Hong Kong is Asia’s premier tourist destination. This compact and futuristic city has it all – stunning natural features, cultural attractions and endless shopping opportunities. If you’re looking for a crash course in Asian culture, then look no further. Hong Kong is a veritable melting pot of people and is home to significant populations stemming from Korea, Vietnam, Indonesia, Japan, the Philippines and mainland China. Mixed in with it all is Hong Kong’s own unique cultural heritage, which has been influenced by its colonial background.
The first feature you notice as you arrive in Hong Kong is its grand scale. 7.1 million people call this area home, making it a crowded place to live to say the least. As a result, Hong Kong has built up rather than out. The most familiar part of the city’s skyline is centred on the Central MTR station. To get the best head-on views of Hong Kong, head to The Avenue of Stars in Tsim Sha Tsui, and look across the beautiful Victoria Harbour. For the best overall views of Hong Kong, it’s hard to compete with The Peak. Located just behind the city’s main business district, you can take a Victorian-era train to the top of Mount Austin. From here you’ll have access to captivating views of Hong Kong and Victoria Harbour. There are also numerous restaurants, souvenir shops and hiking trails at The Peak.
Descending into the city will reward you with a myriad of sights, sounds and smells. The bustling streets of Hong Kong are a spectacle unto themselves. Nathan Street in Tsim Sha Tsui and the Mong Kok area are excellent places to get acquainted with the city, window shop and interact with locals. Hong Kong is bustling 24 hours a day and is a great city for night owls. To get a taste for Hong Kong’s eclectic nightlife, head to the neighbourhood of Kowloon, which is influenced by a mix of traditional Asian bars, cosmopolitan nightclubs and British pubs.
Hong Kong stems from a long and rich history. The city has come a long way from its roots as a collection of fishing villages, but evidence of Hong Kong’s origins can still be found in Fan Ling and Shau Kei Wan. Fan Ling is home to the 500-year-old walled city of Fan Ling Wai, Taoist temples, ancient villages and historic walking trails. Shau Kei Wan is located on the north eastern shore of Hong Kong Island and is included in many guided heritage walks of the island. The neighbourhood has large collection of centuries-old temples and buildings, which have been preserved to keep old traditions alive in this ultra modern city. Tam Kung Temple is perhaps the most unique and was built to honour Tam Kung, Hong Kong’s patron of fisherman. Inside the temple is a traditional wooden junk ship as well as a dragon boat.
Shopping is a way of life for the residents of Hong Kong and a favourite pastime of tourists as well. For high-end luxury shopping, Causeway Bay is the place to go. This neighbourhood is packed wall-to-wall with shopping centres. The SOGO Department Store is your best bet for upmarket goods, while the Island Beverly Centre is filled with a great selection of boutique shops.
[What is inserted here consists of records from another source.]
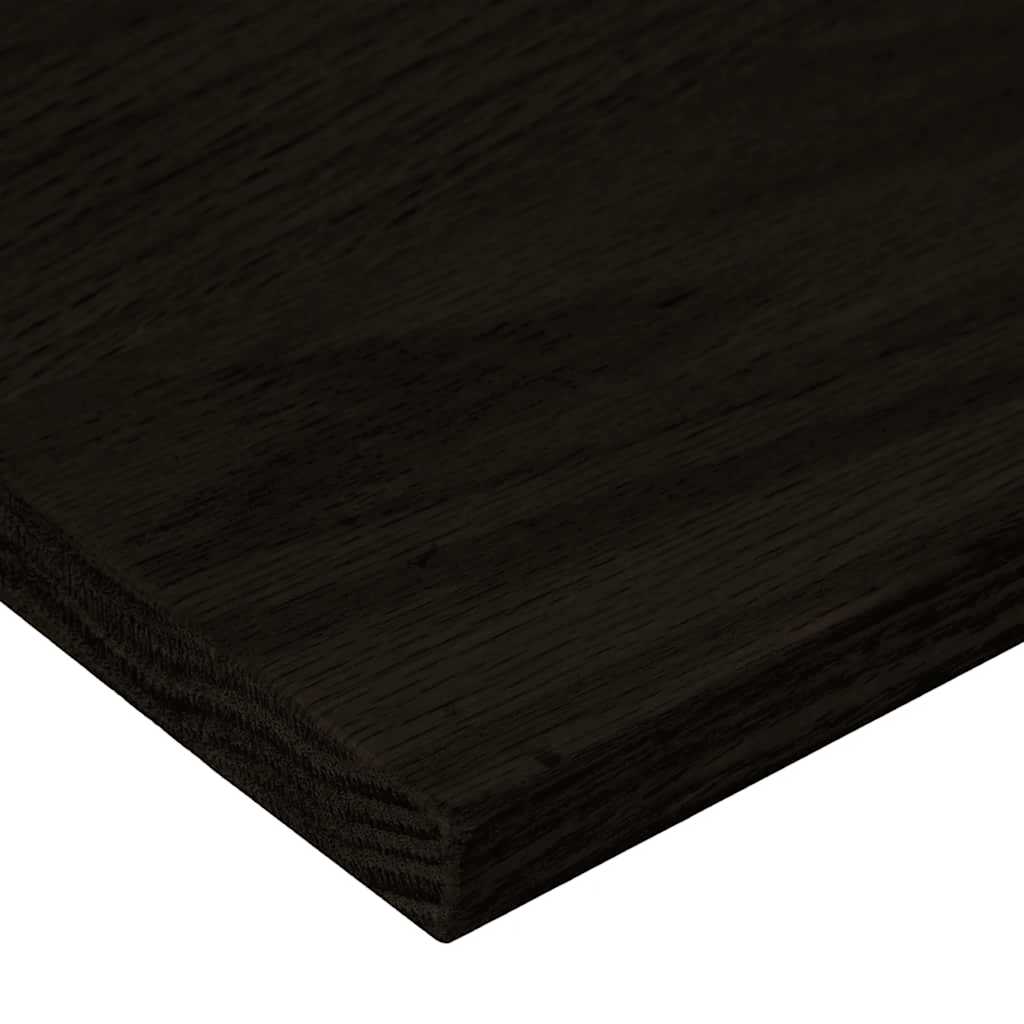 trappemåtter 12 stk. brunsort 100x25x2 cm massivt egetræ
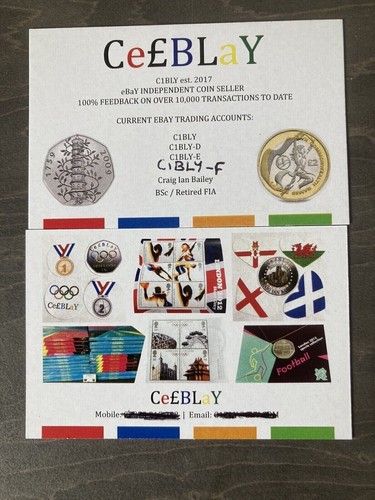 2012 LONDON OLYMPIC SPORTS 2011 TABLE TENNIS 50p COIN UNC SEALED IN CARD - Picture 10 of 12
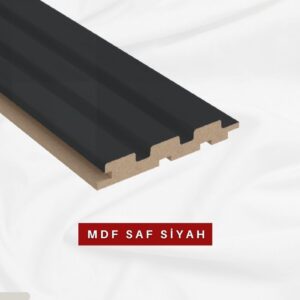 MDF Saf Siyah
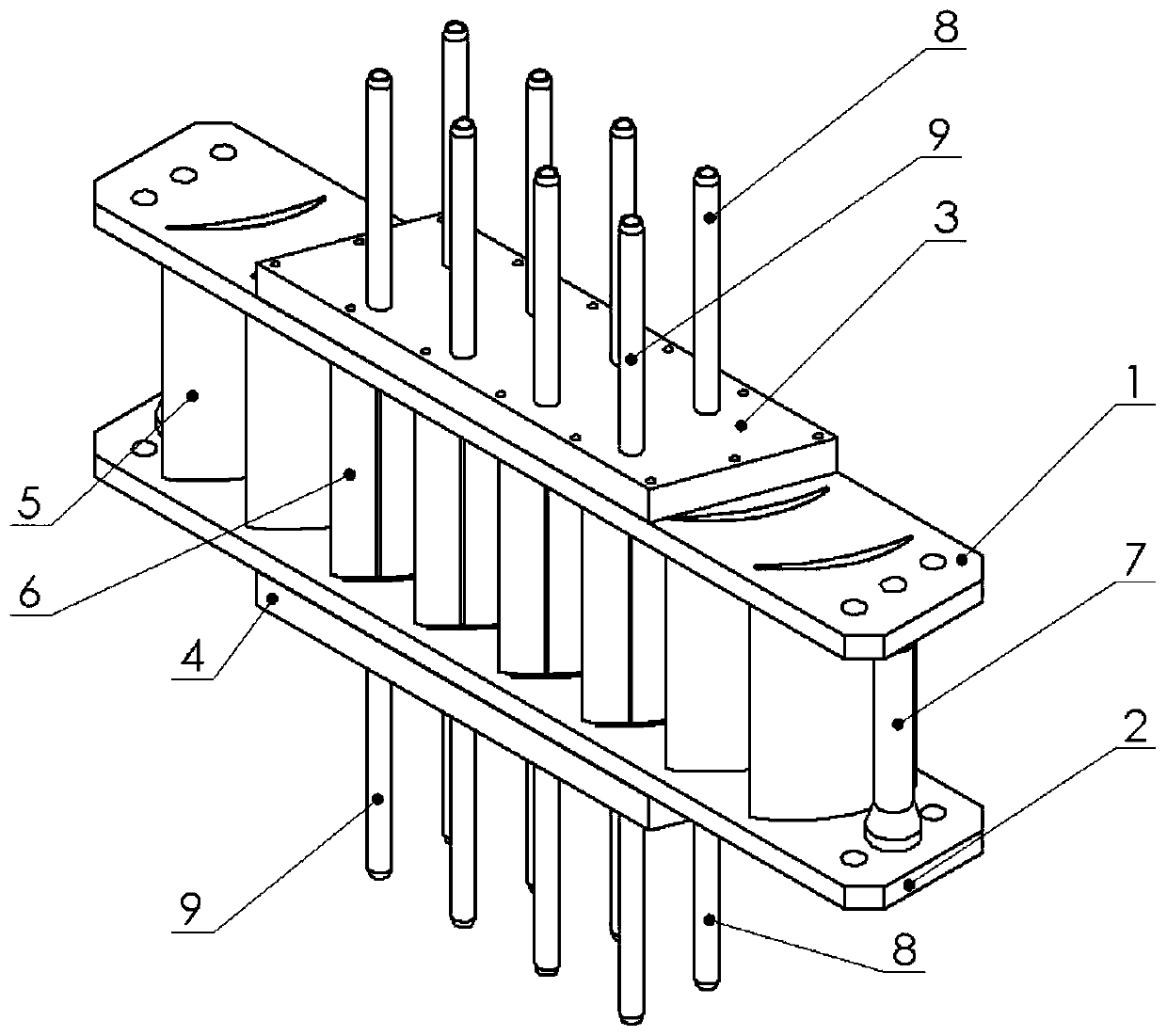 A combined suction plane cascade experimental device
Bargains can be found in and around Mong Kok, which is not coincidentally the most crowded part of Hong Kong. The world-famous Ladies Market is located here, and there are several other streets dedicated to a seemingly random selection of goods like wedding dresses, shoes, goldfish and kitchenware.
Though Hong Kong may be one of the most crowded cities in the world, there are surprising amounts of green space dispersed amongst the skyscrapers. Nan Lian Garden and Kowloon Walled City Park are great places to get some breathing room and learn about Hong Kong’s ancient cultural heritage. Located a short walk from the busy Admiralty MTR station, Hong Kong Park is a fairly recent addition to the city and is a favourite with locals looking for a green escape. The park has several Grade II historic houses, a greenhouse, the largest aviary in Hong Kong and a Tai Chi garden. Museums provide another way of learning more about Hong Kong’s history and there are several notable ones located within easy access of the MTR. The Hong Kong Museum of History offers the most comprehensive view of the region’s history and the Hong Kong Heritage Museum focuses mainly on culture.
Hong Kong is a fabulous city and is especially convenient for English-speaking tourists as English is widely spoken throughout the region. The colourful destination allows you to indulge in midnight dim sum one night and watch junk ships sail across Victoria Harbour during afternoon tea the next day. If the centre of the city still isn’t enough, then you can always head out to one of the many smaller islands via high-speed ferry, or even spend the day at Hong Kong Disneyland or Ocean Park Hong Kong. Hong Kong successfully mixes cosmopolitan flair, natural beauty and a rich cultural heritage to create Asia’s top tourist destination.